## Dataset records
····················

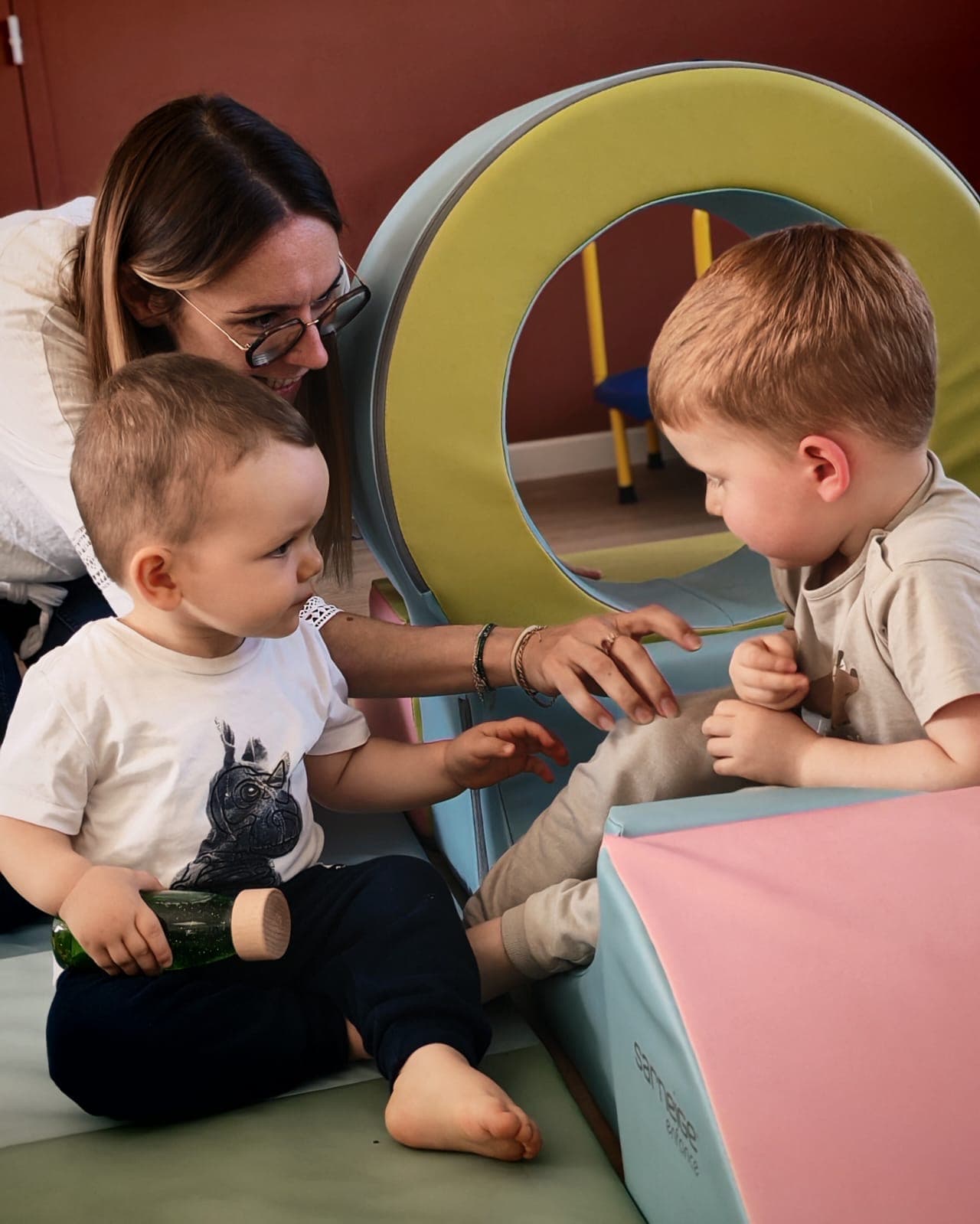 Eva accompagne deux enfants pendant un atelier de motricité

····················

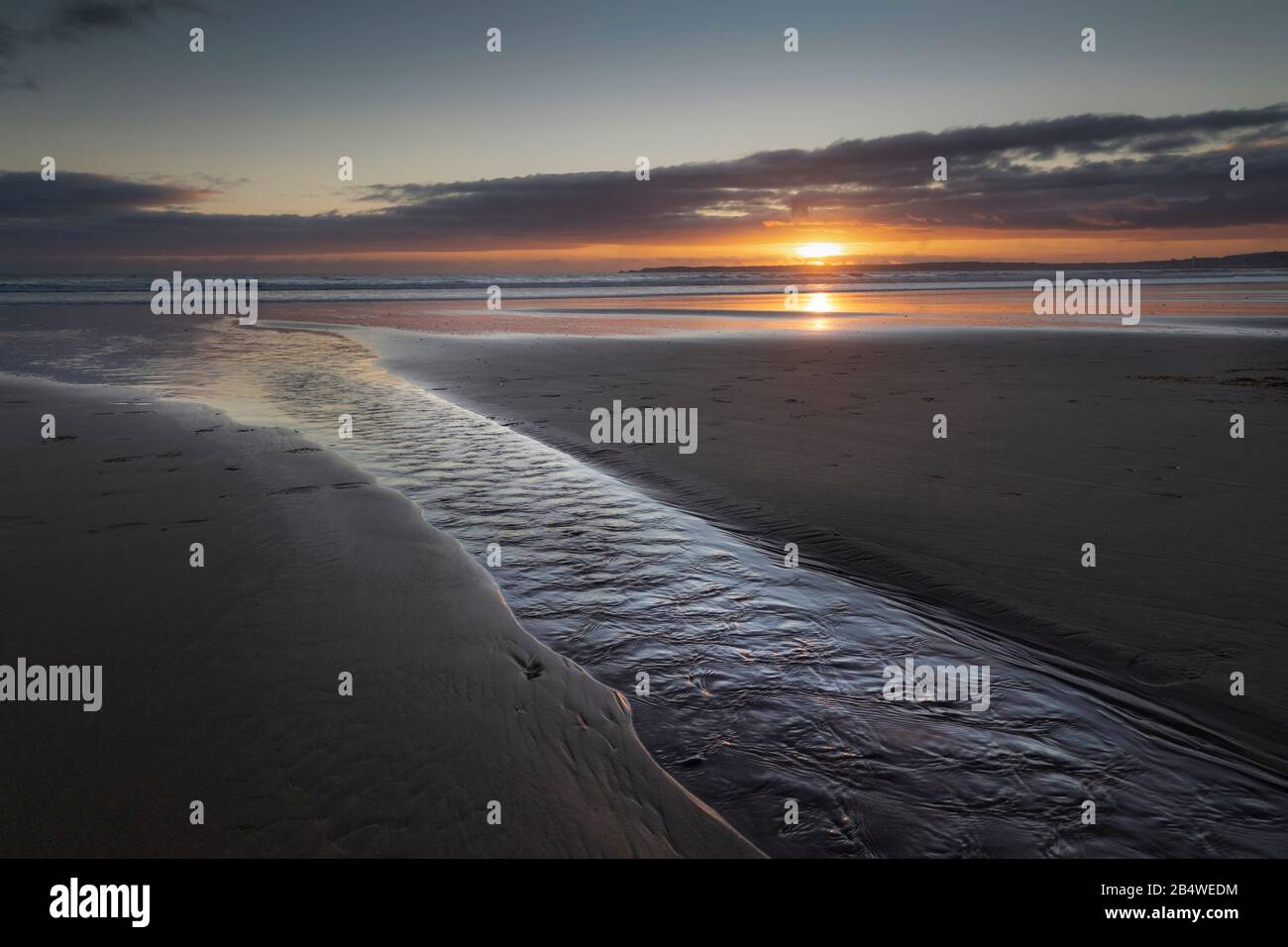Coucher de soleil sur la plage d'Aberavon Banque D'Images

····················

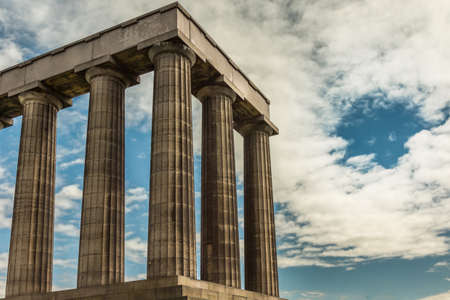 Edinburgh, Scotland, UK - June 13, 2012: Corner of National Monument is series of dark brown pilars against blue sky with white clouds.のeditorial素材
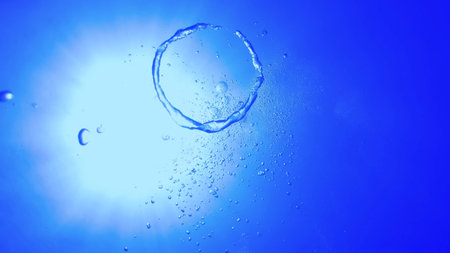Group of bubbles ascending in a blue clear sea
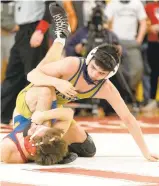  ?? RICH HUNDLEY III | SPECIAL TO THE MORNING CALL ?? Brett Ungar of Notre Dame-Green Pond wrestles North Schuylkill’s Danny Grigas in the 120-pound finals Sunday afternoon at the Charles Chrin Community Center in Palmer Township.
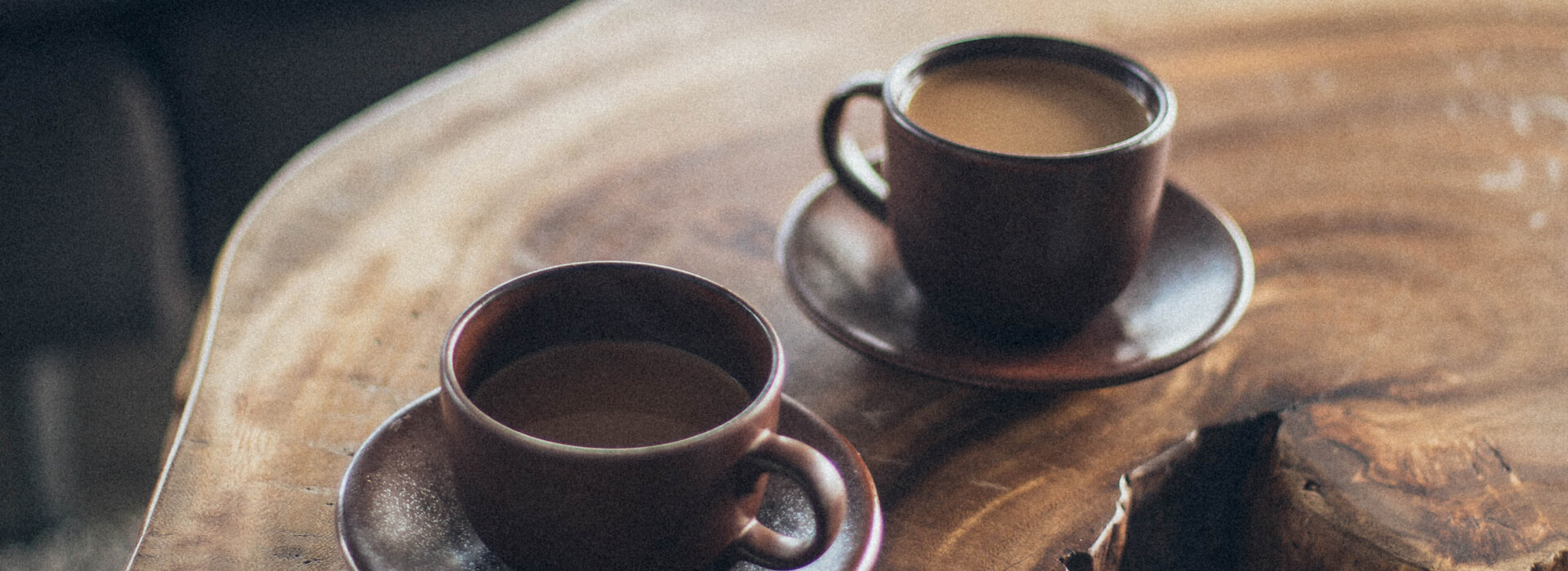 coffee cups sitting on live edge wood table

····················

## Assigned task
Copy out the listing above from the line containing "Edinburgh, Scotland, UK" to the line containing "coffee cups sitting on live edge wood table", both included, exactly as written and minus the images.

## Exercise solution
 Edinburgh, Scotland, UK - June 13, 2012: Corner of National Monument is series of dark brown pilars against blue sky with white clouds.のeditorial素材
Group of bubbles ascending in a blue clear sea
  ?? RICH HUNDLEY III | SPECIAL TO THE MORNING CALL ?? Brett Ungar of Notre Dame-Green Pond wrestles North Schuylkill’s Danny Grigas in the 120-pound finals Sunday afternoon at the Charles Chrin Community Center in Palmer Township.
 coffee cups sitting on live edge wood table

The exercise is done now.